There is no consensus on the surgical indications of BS. Some authors suggest observation in all cases [3], due to the existence of reported cases with spontaneous restriction resolution [8-11]. Kaban et al [12] reported 11% of cases that solved without surgery in more than 4 years of follow-up, but also mentioned a worsening of 4% patients during follow-up. It is also been described the BS resolution associated with a posterior hypertropia [13].

On the other hand, other authors indicate surgery in mild-moderate BS [14]. Tenectomy and tenotomy of SO are the best known techniques to improve the AER [15]. However, this technique associates more than 25% cases with SO secondary paralysis [16]. Other reported surgery was the extension of the SO with a silicone band, which decreases to 11% the incidence of iatrogenic paralysis of SO [17]. Extrusions and adhesion of the implant are the main complications associated with this surgery [18]. Kokubo et al showed good results by performing a reconstruction of the trochlea in BS patients. However, only four cases were described [19].

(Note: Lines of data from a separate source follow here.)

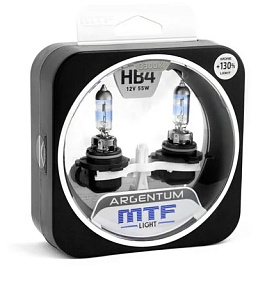 Лампа HB4 55W Argentum +130% к-т MTF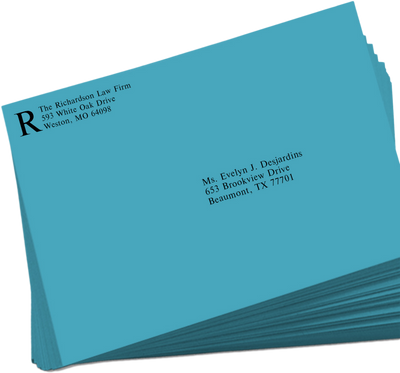 Pool Blue 24lb 9 x 12 Open End Envelopes with Clasp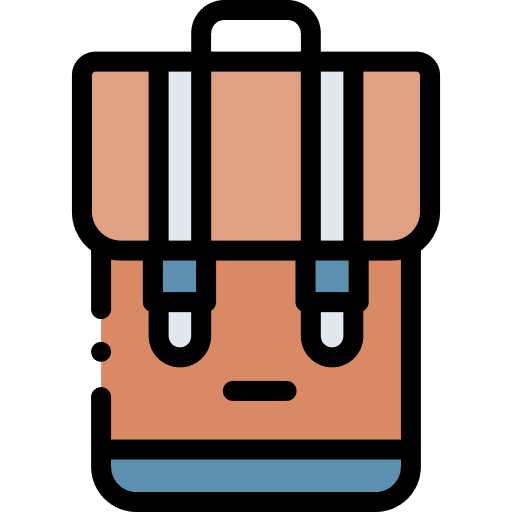 Backpack fashion bag backpack icon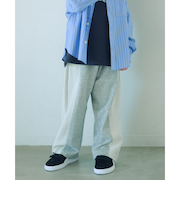 裏毛 切り替え ワイドパンツ / キッズ  100cm-160cm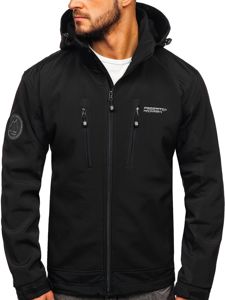 Bolf Herren Softshell Jacke Schwarz  P195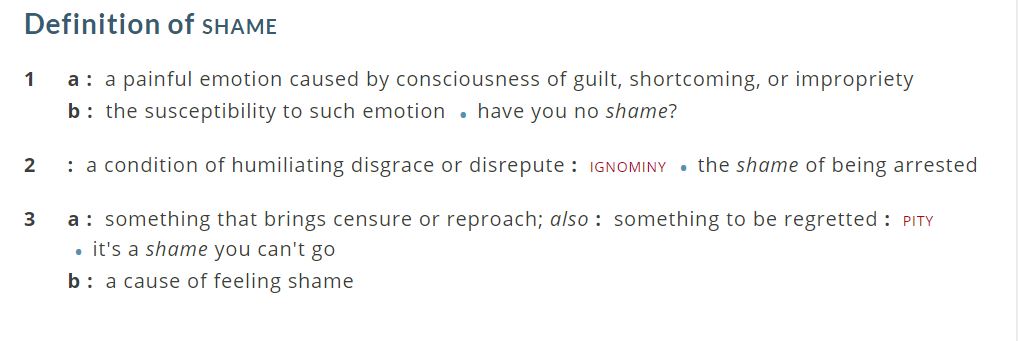 shame definition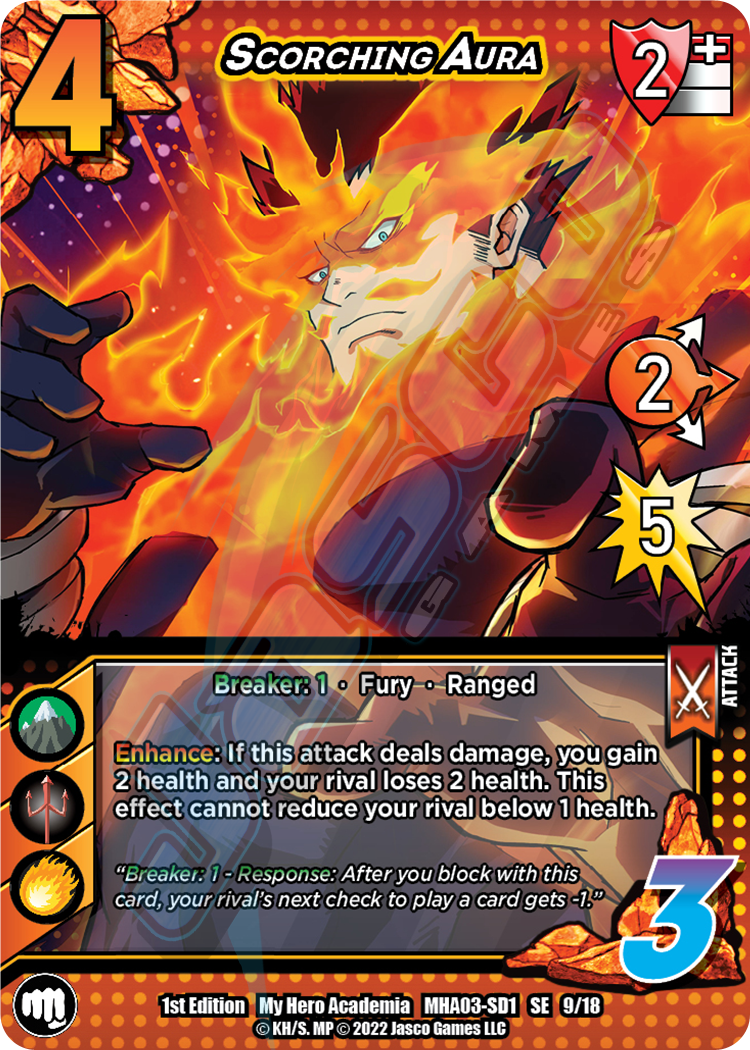 Scorching Aura [Endeavor Clash Deck] | Total Play
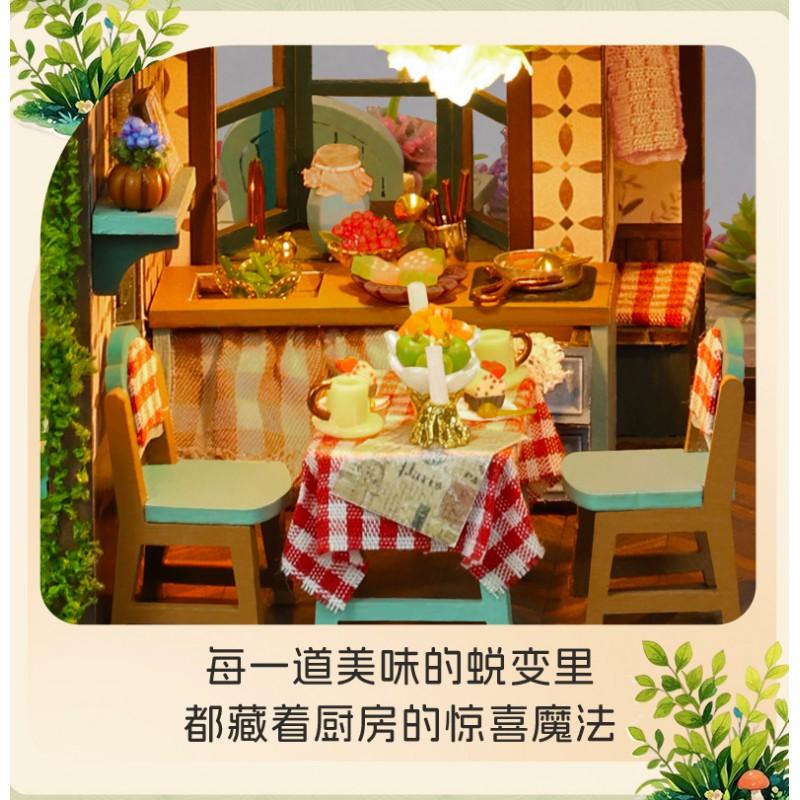 Holz DIY Minihaus Bausatz Themen 3D Puzzle Basteln Erwachsene Kreatives Bau Spielzeug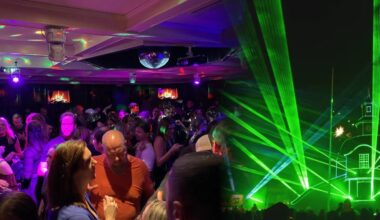 Nyår i Eskilstuna firas med lasershow på torget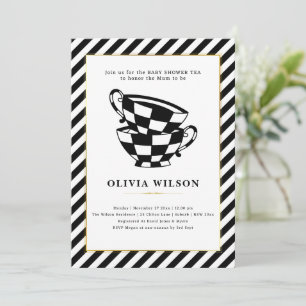 Classic Baby Shower Tea Party Invitation
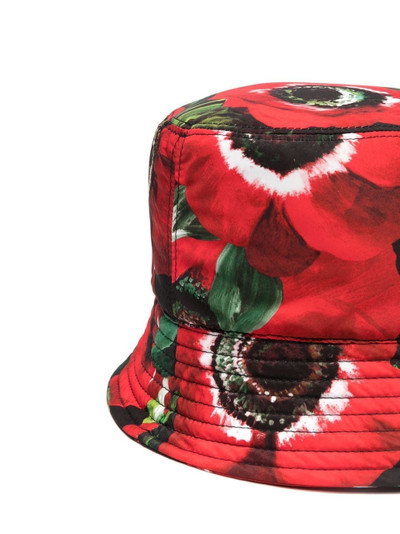 Dolce & Gabbana logo-plaque floral-print bucket hat outlook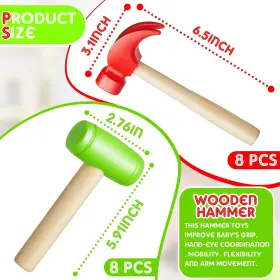 KV-DEEKIN-381 DEEKIN Toys Hammer Wooden Claw Simulation #2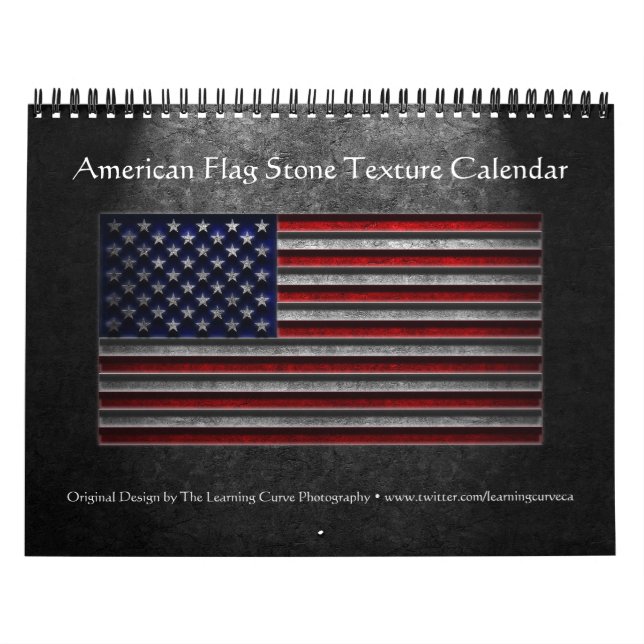 American Flag Stone Textur Kalender (Titelbild)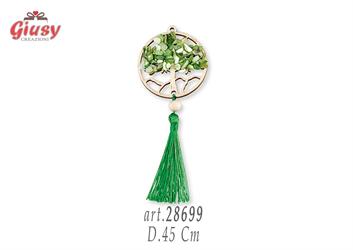 Albero Della Vita Verde Con Nappina D.45 Mm 12*288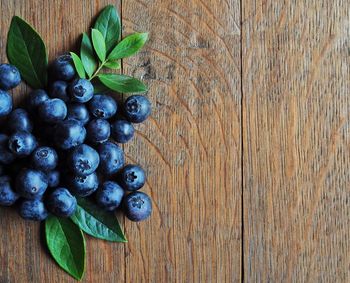 Directly above shot of fruit on table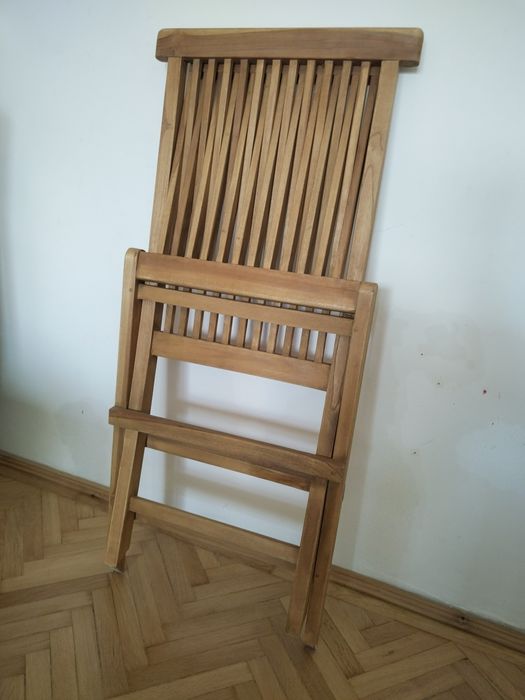 Scaun pliabil din lemn
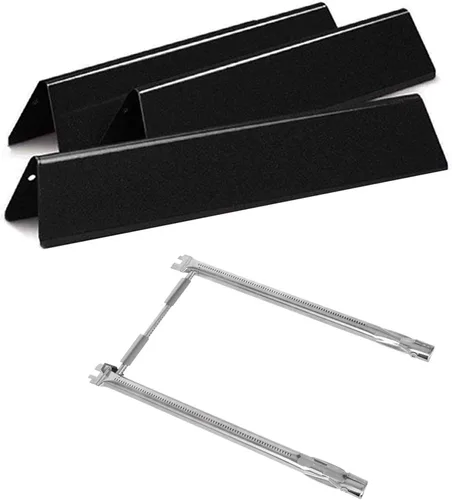 Hongso 69785 Kit de tubos de quemador, barras aromatizantes de 15.3 pulgadas 7635 67045, piezas de repuesto para parrillas de gas Weber Spirit 2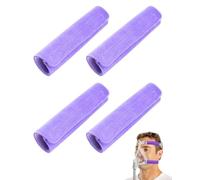 GVOXIS 4 Pcs CPAP fundas para cinturón de seguridad para la mejilla, cpap accesorios,CPAP Fundas para cinturón de seguridad, almohadillas faciales cómodas para la reducción de manchas rojas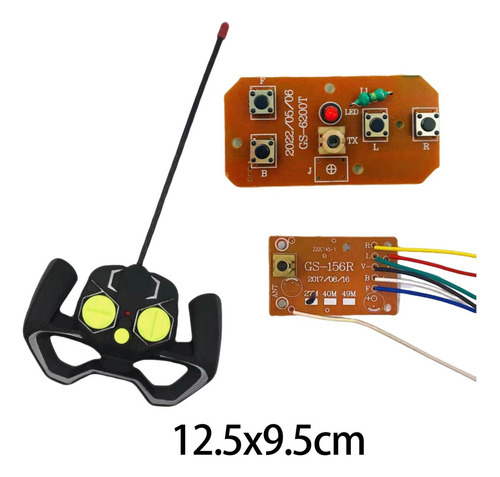 4ch Rc Control Remoto Transmisor Y Receptor Placa Pcb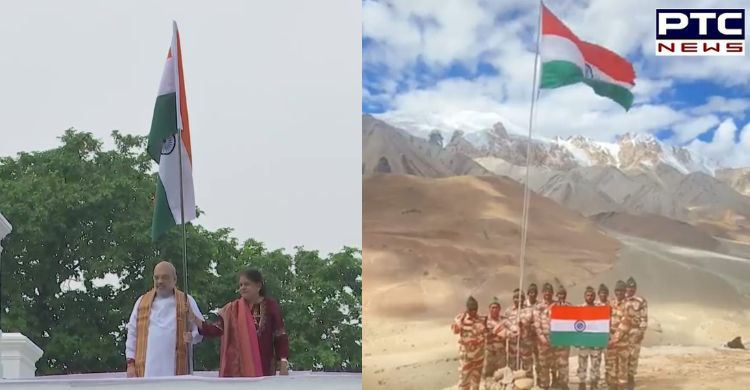 'Har Ghar Tiranga' campaign starts: Amit Shah, ITBP hoist national flag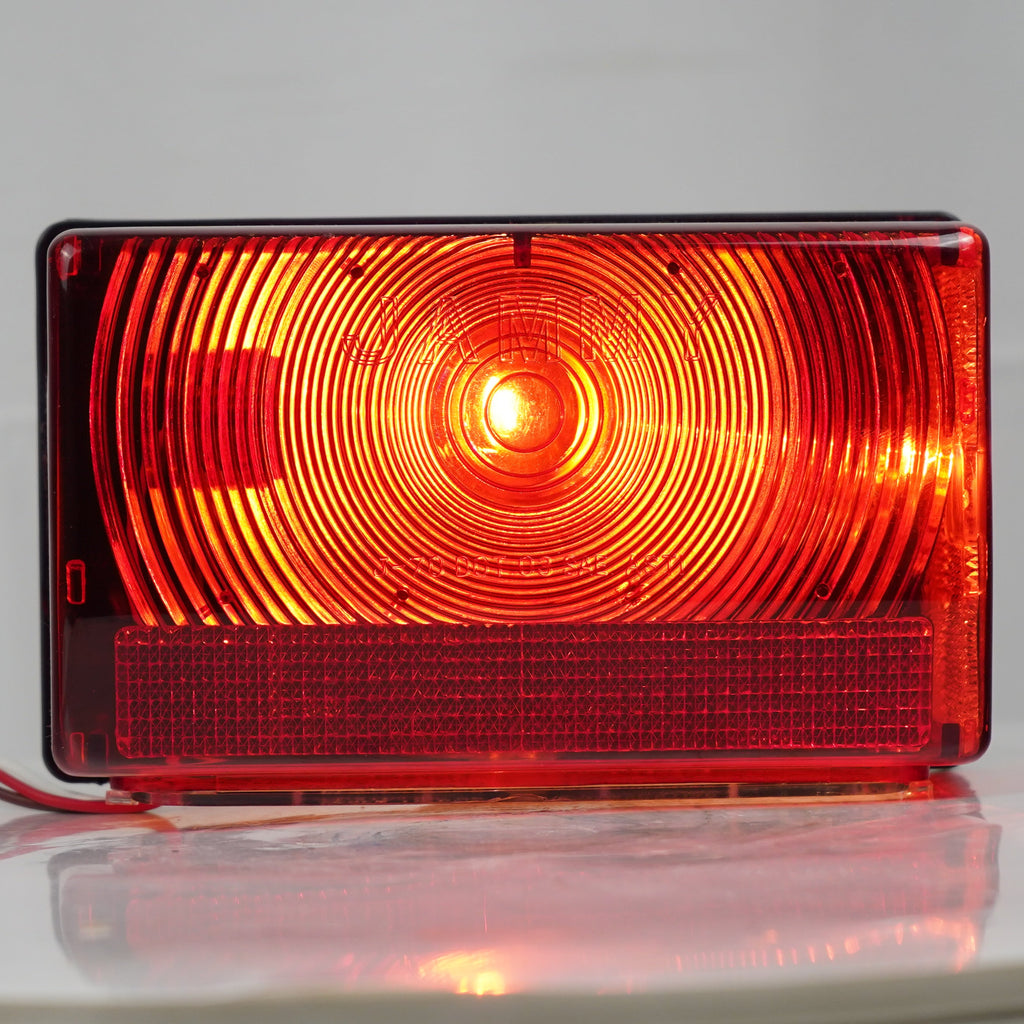 Jammy Red Rectangular Trailer Light - Right Side (J-70)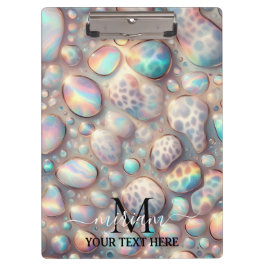 Girly Opal Leopard Print Office School Klemmbrett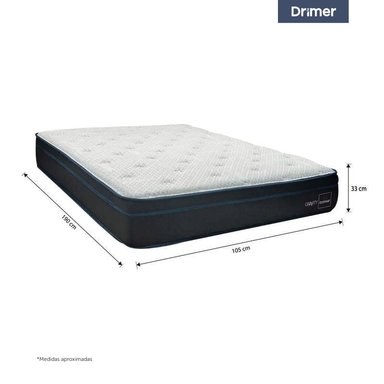 COLCHÓN DRIMER GRAVITY 1.5 PLAZAS - 2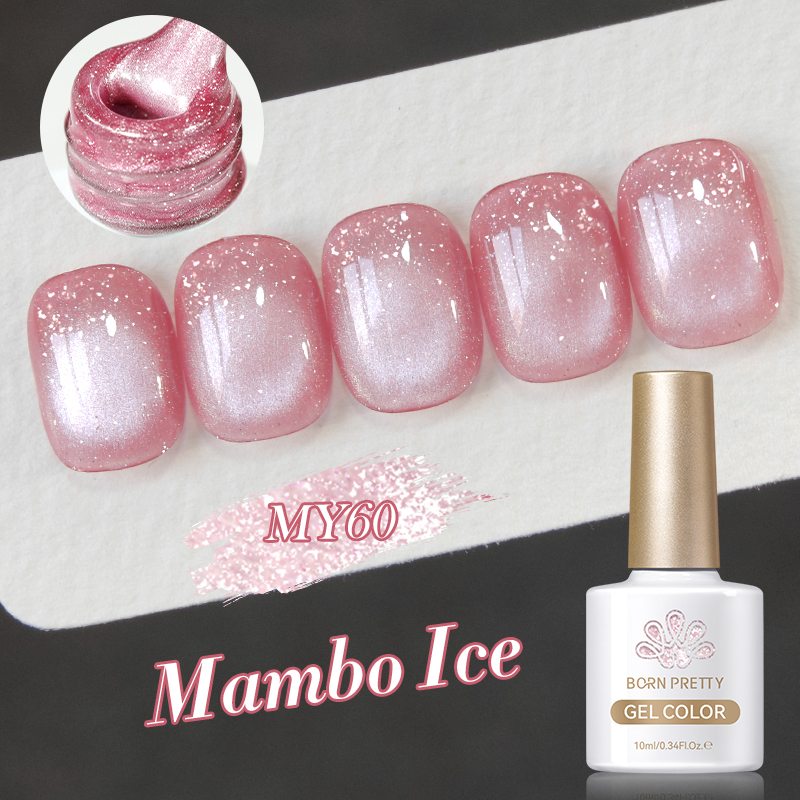 Born Pretty Cat Magnetic UV/LED gél lakk 10 ml - MY60 - Mambo Ice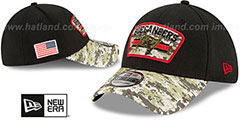 Buccaneers 2021 SALUTE-TO-SERVICE FLEX Black-Desert Hat by New Era - 2nd View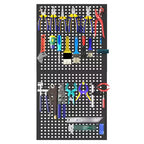Heavy-Duty Metal Shelving with Pegboard & Wheels - Adjustable Multipurpose Storage Rack for Garage/Warehouse/Office/Kitchen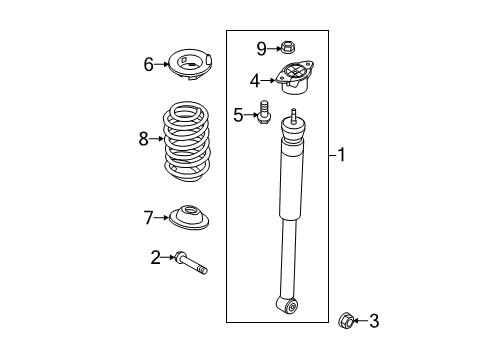2015 Ford Fiesta Shocks & Components Diagram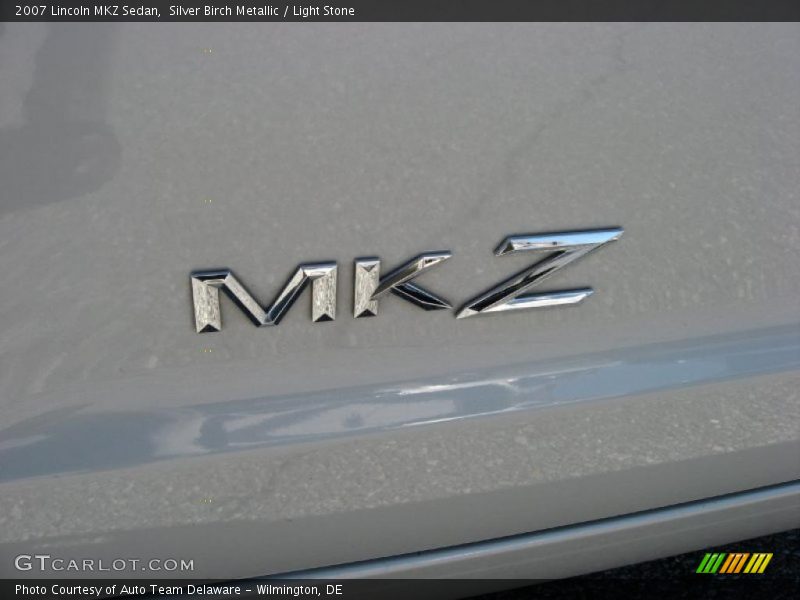 Silver Birch Metallic / Light Stone 2007 Lincoln MKZ Sedan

SO sharpening is a technique described by Horta to treat "true" and "plus" BS [20]. This surgery has reported 70% of torticollis and AER correction with overcorrection in 11% of cases [21]. In our study, torticollis remained in one patient (4%) and AER remained in at least one degree above three 42% of patients. Overcorrection by secondary paresis of SO is described in 6% of patients, although in our series this complication existed in a 4% of patients.

5. Conclusion

Recently, Suh et al have demonstrated, using magnetic resonance imaging, that the etiology of this disease is not that the SO muscle belly limits supraduction in adduction, but the interaction of the SO tendon with the trochlea is what origin this misbalance [22]. For this reason, SO sharpening might correctly modifies and solves BS. In our experience, SO sharpening constitutes a safe and effective surgery for BS, with fewer complications than other previously described techniques.